VERBOSE: Fetching NESTED AD groups
VERBOSE: Syncing group members recursively from NESTED group(s) to UNNESTED group(s)
VERBOSE: app-dummy-access-NESTED > app-dummy-access-UNNESTED
What if: app-dummy-access-NESTED > app-dummy-access-UNNESTED: (+) john.doe
What if: app-dummy-access-NESTED > app-dummy-access-UNNESTED: (+) sam.smith
What if: app-dummy-access-NESTED > app-dummy-access-UNNESTED: (-) tom.tonkins
Only consideres the OU "OU=groups,DC=contoso,DC=com"
looking for group pairs. This can speed up execution.
.\Sync-NestedAdGroupMember.ps1 -SearchBase "OU=groups,DC=contoso,DC=com"

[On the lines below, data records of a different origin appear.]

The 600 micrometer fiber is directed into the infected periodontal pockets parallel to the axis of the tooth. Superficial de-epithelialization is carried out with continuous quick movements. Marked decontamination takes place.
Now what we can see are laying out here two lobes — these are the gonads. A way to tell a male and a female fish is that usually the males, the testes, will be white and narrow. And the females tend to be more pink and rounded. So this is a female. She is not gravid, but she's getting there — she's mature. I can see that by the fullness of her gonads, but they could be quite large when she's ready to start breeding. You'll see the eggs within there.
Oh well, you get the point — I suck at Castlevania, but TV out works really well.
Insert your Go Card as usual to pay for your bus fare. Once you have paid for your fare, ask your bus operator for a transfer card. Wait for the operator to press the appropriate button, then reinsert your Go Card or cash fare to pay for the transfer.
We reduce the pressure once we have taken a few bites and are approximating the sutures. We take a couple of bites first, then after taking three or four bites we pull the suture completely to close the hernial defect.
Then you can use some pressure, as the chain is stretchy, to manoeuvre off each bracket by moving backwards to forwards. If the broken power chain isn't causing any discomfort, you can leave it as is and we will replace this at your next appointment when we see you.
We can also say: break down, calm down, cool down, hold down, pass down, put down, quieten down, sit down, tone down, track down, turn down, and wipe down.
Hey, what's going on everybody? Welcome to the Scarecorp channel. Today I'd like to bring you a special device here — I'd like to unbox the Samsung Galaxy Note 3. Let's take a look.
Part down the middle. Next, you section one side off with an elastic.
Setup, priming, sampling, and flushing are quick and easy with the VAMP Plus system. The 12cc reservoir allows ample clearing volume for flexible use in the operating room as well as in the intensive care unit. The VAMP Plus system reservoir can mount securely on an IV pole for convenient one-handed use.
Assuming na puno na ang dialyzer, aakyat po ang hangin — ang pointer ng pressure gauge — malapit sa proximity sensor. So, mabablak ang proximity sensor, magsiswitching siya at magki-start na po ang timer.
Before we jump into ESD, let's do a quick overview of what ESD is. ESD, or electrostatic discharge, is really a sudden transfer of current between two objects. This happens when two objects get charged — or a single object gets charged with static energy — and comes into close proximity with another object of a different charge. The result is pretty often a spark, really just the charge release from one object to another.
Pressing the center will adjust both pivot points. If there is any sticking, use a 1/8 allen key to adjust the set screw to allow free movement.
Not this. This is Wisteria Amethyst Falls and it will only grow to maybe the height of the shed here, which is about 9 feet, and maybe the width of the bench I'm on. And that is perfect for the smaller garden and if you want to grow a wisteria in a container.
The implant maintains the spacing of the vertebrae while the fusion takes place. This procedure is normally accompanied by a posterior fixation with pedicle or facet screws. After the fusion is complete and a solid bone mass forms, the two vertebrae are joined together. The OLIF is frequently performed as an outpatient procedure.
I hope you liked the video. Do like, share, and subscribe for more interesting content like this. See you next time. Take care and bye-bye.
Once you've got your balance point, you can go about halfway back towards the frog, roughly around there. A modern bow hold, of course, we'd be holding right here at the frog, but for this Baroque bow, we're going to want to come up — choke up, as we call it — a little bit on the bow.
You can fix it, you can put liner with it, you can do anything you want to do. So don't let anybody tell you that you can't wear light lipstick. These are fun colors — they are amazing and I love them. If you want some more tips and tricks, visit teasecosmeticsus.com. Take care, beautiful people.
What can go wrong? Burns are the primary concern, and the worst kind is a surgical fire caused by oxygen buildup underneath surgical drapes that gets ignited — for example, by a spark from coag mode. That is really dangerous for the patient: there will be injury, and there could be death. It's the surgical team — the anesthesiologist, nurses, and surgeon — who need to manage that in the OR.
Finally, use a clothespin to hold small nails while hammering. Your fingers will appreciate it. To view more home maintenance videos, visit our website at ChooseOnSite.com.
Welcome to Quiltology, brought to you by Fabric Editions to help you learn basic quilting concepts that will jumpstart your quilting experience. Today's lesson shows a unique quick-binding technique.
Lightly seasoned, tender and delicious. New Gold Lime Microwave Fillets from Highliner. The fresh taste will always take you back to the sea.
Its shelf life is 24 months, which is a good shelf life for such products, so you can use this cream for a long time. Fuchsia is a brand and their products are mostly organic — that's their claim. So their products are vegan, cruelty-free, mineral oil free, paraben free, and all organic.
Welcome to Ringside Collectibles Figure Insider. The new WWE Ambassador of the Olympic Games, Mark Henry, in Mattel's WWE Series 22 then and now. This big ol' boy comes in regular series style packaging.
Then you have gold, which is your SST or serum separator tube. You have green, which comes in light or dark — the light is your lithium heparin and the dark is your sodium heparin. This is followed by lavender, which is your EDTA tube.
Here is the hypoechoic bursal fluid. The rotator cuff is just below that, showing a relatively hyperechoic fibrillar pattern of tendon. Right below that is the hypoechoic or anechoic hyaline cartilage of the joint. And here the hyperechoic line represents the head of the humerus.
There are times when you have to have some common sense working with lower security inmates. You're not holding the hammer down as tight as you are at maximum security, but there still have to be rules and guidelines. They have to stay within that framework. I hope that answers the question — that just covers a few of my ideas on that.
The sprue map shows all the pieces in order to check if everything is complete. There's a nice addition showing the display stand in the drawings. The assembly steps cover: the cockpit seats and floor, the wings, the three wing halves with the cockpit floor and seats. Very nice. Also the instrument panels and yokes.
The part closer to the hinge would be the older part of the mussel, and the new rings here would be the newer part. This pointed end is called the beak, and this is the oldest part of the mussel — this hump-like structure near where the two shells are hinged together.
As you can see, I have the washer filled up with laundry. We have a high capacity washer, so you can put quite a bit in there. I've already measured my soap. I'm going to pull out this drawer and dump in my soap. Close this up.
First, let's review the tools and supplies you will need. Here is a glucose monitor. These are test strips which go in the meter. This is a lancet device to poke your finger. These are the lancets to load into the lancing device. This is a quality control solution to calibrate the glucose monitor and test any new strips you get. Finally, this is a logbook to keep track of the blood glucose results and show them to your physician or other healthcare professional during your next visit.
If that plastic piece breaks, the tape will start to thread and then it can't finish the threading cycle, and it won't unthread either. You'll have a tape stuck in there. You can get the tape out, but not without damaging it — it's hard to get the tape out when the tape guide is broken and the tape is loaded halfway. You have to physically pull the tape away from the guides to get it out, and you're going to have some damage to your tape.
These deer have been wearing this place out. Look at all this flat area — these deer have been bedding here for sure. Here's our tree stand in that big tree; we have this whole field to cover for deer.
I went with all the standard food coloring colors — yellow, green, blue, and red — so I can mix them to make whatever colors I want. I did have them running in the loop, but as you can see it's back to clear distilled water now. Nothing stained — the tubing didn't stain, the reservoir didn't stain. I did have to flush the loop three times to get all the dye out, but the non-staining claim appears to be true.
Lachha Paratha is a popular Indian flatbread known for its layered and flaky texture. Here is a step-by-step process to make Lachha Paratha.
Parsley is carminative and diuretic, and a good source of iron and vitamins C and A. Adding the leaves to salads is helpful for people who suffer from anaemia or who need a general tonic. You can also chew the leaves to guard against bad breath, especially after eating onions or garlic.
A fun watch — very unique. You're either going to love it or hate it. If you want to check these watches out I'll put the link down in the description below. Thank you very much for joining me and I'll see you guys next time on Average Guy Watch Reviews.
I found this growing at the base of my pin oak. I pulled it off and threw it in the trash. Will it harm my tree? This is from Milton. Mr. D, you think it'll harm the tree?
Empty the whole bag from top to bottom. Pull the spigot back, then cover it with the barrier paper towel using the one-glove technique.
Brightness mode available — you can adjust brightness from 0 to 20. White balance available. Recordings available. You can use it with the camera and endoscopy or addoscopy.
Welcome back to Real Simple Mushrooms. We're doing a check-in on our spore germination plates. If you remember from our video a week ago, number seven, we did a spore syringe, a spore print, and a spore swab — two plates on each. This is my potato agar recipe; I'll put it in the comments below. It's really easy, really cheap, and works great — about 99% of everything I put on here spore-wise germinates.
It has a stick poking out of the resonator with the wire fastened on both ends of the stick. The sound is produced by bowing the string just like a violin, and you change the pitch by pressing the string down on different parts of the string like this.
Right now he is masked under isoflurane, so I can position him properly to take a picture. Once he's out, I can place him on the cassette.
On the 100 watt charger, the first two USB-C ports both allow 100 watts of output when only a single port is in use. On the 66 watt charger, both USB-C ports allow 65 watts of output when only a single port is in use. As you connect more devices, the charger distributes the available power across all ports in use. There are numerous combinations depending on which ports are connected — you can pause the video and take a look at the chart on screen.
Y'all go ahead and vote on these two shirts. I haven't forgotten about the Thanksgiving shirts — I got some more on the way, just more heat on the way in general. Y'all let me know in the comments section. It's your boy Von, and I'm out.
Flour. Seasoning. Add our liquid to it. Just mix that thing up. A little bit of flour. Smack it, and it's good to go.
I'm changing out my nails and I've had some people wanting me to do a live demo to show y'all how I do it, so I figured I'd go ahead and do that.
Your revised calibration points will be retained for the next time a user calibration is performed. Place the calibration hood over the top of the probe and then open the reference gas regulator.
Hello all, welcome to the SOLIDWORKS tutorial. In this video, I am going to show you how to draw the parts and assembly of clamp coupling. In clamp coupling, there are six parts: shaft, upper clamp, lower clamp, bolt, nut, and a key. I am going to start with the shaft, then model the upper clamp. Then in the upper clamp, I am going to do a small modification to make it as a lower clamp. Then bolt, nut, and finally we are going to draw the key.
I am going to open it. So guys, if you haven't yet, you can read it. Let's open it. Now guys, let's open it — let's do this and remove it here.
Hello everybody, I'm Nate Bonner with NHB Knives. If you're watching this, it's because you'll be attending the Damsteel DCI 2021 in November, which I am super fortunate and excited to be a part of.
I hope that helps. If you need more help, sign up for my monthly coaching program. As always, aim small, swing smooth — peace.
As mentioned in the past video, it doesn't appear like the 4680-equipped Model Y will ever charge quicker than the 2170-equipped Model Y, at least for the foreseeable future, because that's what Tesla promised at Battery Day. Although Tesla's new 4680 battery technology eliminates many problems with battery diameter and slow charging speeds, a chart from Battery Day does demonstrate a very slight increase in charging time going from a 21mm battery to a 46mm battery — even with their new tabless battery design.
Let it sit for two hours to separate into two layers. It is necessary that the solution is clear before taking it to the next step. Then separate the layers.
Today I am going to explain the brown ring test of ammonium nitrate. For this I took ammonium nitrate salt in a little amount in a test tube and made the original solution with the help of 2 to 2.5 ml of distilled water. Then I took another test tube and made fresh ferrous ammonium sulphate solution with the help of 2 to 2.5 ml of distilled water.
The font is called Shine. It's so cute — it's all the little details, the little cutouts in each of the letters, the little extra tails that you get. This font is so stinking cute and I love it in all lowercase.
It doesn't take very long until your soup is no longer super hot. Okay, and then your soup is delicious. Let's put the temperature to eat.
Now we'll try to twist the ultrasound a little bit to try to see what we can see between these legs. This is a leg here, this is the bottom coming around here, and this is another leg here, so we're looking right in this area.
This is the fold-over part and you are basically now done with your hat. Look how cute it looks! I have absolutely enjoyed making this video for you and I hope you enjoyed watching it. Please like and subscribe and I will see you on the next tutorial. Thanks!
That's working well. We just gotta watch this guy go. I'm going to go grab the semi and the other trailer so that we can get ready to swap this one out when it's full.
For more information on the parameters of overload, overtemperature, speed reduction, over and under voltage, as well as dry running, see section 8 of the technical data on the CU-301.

Specifies an Active Directory path to search under.
Type: String
Parameter Sets: (All)
Aliases:
Required: False
Position: Named
Default value: None
Accept pipeline input: False
Accept wildcard characters: False
Sometimes it can be tedious to replace an access group within an application because of other dependencies or politics. For that additional pairs that are outside the -NESTED
/ -UNNESTED
naming convention can be provided as a hashtable.
Type: Hashtable
Parameter Sets: (All)
Aliases:
Required: False
Position: Named
Default value: None
Accept pipeline input: False
Accept wildcard characters: False
Specifies the Active Directory Domain Services instance to connect to.
Type: String
Parameter Sets: (All)
Aliases:
Required: False
Position: Named
Default value: None
Accept pipeline input: False
Accept wildcard characters: False
Shows what would happen if the cmdlet runs.
Type: SwitchParameter
Parameter Sets: (All)
Aliases:
Required: False
Position: Named
Default value: False
Accept pipeline input: False
Accept wildcard characters: False
Returns the name of the nested group, name of the unnested group, SamAccountName of the user and modification type (Add or Remove) as PSCustomObject. If -PassThru is not specified, this cmdlet does not generate any output.
Type: SwitchParameter
Parameter Sets: (All)
Aliases:
Required: False
Position: Named
Default value: None
Accept pipeline input: False
Accept wildcard characters: False
Provides additional output about the process.
A hashtable is received by the LegacyPair parameter.
Returns the name of the nested group, name of the unnested group, SamAccountName of the user and modification type (Add or Remove) as PSCustomObject if the PassThru parameter is specified. By default, this cmdlet does not generate any output.